Fuerteventura no es El Dorado. Taufiq Ayubi ha tardado tiempo en comprenderlo, pero ahora la frustración y la desconfianza han marcado su rostro. Taufiq es un adolescente guapo de 17 años, con pelo negro y liso que pasaría desapercibido en cualquier instituto español. No está a gusto en la isla. «Ya llevo dos años aquí – afirma – y quiero saber qué pasa conmigo. ¿Cuándo podré trabajar?» Nativo de El Aaiún, ha ahorrado el dinero del pasaje pintando chapas en un taller de coches.

Los otros chavales lo consideran un poco el líder del grupo. Entre sus dedos tiene un cigarrillo. No puede fumar en el Centro de Menores, pero en la calle, aun sentado sobre el escalón de la puerta, es dueño de sus actos. El Centro no es una cárcel. Los niños pueden entrar y salir cuando quieren, aunque tienen horarios: la comida, las clases de castellano, la hora de dormir. No hay peligro de que se escapen: ¿a dónde podrían ir en Puerto Rosario? La isla no necesita vallas.

Taufiq se ha embarcado en el transbordador a Tenerife pero fue detenido y devuelto a Fuerteventura

Taufiq, sin embargo, ha dado el paso con el que sueñan todos los adultos que se encuentran en situación ilegal en Fuerteventura: se ha embarcado en el transbordador que comunica la isla con Tenerife.
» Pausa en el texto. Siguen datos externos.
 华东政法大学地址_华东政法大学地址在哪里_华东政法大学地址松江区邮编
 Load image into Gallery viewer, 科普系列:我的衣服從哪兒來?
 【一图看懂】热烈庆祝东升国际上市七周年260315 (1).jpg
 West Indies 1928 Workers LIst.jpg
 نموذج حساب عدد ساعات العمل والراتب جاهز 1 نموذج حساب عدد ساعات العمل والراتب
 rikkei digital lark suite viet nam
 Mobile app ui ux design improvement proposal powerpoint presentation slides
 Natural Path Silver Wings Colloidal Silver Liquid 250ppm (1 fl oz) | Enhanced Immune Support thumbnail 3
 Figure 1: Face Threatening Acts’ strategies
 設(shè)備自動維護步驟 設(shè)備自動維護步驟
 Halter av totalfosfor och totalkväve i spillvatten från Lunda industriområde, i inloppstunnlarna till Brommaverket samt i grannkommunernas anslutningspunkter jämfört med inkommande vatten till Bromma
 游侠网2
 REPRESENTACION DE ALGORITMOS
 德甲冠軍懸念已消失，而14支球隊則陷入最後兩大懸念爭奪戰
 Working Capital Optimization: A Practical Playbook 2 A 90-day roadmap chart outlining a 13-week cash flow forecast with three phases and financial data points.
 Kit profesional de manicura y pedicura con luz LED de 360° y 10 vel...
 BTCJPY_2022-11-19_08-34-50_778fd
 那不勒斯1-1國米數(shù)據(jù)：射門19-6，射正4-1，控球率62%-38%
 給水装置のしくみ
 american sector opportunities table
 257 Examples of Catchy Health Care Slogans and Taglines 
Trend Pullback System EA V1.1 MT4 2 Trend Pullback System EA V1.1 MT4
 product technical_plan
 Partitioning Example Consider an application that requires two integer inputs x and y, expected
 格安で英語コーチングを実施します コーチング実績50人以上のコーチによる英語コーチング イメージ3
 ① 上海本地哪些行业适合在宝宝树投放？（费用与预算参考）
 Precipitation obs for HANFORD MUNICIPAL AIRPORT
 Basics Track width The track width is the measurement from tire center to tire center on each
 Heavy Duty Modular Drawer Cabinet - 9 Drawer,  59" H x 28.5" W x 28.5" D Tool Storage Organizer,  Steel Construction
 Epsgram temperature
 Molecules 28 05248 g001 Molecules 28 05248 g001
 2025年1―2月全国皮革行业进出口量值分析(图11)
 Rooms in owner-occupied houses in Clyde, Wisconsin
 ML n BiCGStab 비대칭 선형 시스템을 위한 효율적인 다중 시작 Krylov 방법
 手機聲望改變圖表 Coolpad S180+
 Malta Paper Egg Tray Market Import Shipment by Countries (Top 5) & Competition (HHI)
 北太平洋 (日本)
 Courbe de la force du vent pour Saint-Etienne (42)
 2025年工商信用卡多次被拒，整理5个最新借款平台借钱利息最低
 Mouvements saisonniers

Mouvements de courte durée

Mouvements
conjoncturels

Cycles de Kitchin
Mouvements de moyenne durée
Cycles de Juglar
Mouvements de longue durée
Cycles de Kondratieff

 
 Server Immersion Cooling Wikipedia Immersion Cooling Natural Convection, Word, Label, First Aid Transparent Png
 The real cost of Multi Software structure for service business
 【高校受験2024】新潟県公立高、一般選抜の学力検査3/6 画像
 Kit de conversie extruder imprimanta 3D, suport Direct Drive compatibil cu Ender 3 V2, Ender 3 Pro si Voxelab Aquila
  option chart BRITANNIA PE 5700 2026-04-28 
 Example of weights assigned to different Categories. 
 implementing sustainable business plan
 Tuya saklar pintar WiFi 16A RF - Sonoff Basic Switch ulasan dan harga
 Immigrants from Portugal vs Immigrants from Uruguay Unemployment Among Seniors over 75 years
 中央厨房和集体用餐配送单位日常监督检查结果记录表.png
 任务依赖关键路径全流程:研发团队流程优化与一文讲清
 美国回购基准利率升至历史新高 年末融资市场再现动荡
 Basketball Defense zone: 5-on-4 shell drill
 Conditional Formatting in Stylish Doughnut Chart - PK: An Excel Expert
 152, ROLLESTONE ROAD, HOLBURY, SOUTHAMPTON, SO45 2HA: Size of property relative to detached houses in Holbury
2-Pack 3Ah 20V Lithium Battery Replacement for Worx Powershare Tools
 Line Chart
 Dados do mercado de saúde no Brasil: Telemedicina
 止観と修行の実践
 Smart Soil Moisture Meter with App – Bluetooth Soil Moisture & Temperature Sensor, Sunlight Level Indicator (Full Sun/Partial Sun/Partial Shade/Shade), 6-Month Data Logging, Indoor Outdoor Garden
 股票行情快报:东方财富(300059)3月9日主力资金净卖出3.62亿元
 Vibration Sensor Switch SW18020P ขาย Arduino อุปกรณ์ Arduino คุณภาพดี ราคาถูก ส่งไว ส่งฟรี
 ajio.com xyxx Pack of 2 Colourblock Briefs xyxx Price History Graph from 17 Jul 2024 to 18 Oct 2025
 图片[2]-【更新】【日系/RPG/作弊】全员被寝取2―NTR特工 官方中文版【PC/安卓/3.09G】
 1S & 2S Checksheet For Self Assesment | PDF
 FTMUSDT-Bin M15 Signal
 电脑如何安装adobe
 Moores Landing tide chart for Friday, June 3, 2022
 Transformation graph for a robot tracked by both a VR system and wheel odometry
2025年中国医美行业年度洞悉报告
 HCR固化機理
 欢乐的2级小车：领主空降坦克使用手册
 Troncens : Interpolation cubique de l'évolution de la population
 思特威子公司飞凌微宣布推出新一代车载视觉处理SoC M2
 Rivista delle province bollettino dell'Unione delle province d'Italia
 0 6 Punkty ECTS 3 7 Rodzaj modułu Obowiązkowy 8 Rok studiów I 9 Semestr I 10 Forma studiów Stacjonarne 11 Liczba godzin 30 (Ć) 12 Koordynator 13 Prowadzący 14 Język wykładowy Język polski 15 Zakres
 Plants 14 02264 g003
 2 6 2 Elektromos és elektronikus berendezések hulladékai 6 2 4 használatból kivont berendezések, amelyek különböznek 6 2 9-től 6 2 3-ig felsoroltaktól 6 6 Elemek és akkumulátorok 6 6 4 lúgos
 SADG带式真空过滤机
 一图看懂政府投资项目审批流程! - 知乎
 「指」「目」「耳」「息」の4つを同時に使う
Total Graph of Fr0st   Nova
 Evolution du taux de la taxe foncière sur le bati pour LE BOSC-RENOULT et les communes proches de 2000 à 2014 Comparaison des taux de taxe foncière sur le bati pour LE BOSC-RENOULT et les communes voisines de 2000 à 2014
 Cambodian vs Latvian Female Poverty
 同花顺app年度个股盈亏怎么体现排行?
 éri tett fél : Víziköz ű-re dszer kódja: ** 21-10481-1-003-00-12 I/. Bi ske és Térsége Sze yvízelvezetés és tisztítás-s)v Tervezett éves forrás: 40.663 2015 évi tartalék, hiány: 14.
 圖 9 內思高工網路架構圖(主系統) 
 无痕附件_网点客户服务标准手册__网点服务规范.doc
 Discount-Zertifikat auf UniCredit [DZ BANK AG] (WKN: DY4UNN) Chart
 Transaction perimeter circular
Una vez allí es más fácil pasar desapercibido e, incluso, conseguir un vuelo a la península. Taufiq fue detenido en Tenerife y, tras algunos trámites, devuelto a Fuerteventura.

Su caso salió en la prensa local. «Todos los periodistas mienten» asegura Taufiq y blande un viejo recorte de periódico. «Aquí dice que me peleé con la policía, que soy un problema. Y es todo mentira. Periodistas, malo”. Taufiq no lee castellano y el periodista necesita traducirle, palabra por palabra, el artículo al árabe para convencerle de que la única pelea mencionada es la de las diversas administraciones responsables de la custodia del menor. Taufiq no sabe muy bien a quién creer. La desconfianza la lleva en la sangre, tras tantas frustraciones.

Regreso a la escuela

Los niños no han perdido los contactos con su tierra: tienen derecho a llamar con regularidad a sus familias, si éstas disponen de teléfono. Más complicada es la integración en el entorno de Puerto Rosario. Las clases de castellano son diarias, pero los niños hacen pocos avances. La mayoría ha pasado por la escuela primaria marroquí y sabe leer y escribir árabe, pero pocos están a gusto entre la pizarra y los cuadernos. Han dejado las aulas para trabajar duro en los talleres, la sastrería o, simplemente, la calle, y quieren volver a sentirse adultos. No es fácil motivarles sin ayuda especializada.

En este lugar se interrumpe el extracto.